In the global shift toward sustainable energy, enhancing the efficiency of renewable energy systems plays a pivotal role in advancing the Sustainable Development Goals. This study focuses on optimizing the design of a corrugated-flange diffuser integrated with a wind turbine to enhance its performance, particularly in low-wind conditions. While most previous research has examined wind farm performance at high wind speeds, the challenge of effective power extraction at low wind speeds remains largely unresolved. The potential of diffusers to enhance wind turbine efficiency under low-wind conditions has received limited investigation, with most prior studies focusing solely on empty diffuser configurations without turbine integration. In addition, the influence of flange geometry on diffuser performance remains largely unexplored.

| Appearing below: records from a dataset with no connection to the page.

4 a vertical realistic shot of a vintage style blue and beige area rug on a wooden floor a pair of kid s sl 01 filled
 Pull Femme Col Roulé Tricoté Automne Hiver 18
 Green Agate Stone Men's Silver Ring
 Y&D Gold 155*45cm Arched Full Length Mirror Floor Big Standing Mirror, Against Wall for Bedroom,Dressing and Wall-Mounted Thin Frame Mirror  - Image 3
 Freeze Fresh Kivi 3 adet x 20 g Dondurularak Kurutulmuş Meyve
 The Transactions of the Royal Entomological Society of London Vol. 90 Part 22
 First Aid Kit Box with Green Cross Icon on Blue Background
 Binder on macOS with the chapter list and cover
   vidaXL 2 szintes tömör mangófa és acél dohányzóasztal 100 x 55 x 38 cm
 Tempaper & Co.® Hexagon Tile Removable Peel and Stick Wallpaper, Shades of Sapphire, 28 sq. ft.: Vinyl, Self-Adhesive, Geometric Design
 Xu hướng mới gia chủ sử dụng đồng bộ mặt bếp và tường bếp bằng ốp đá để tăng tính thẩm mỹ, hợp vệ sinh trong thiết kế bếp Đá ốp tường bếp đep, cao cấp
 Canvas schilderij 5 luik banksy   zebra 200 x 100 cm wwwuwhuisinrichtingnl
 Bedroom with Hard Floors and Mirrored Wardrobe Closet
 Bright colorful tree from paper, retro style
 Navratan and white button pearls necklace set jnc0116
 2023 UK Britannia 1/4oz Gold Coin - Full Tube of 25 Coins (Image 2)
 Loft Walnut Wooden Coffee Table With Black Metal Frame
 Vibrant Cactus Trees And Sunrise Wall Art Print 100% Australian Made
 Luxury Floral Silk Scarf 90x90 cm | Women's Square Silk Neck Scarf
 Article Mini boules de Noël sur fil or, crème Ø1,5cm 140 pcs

In this study, parametric analyses were conducted to identify the optimal diffuser design, followed by comparative performance evaluations of configurations with and without turbine integration, using computational fluid dynamics (CFD) simulations. The results show that integrating a turbine with the optimized corrugated-flange diffuser increased flow velocity by 67.85%, achieving an average of approximately 14 m/s around the blade region. In comparison, the optimized corrugated-flange diffuser alone increased flow velocity by 44%, from 4.5 m/s to 8.036 m/s. These findings highlight the potential of optimized diffuser designs to enhance small-scale wind turbine performance in low-wind conditions.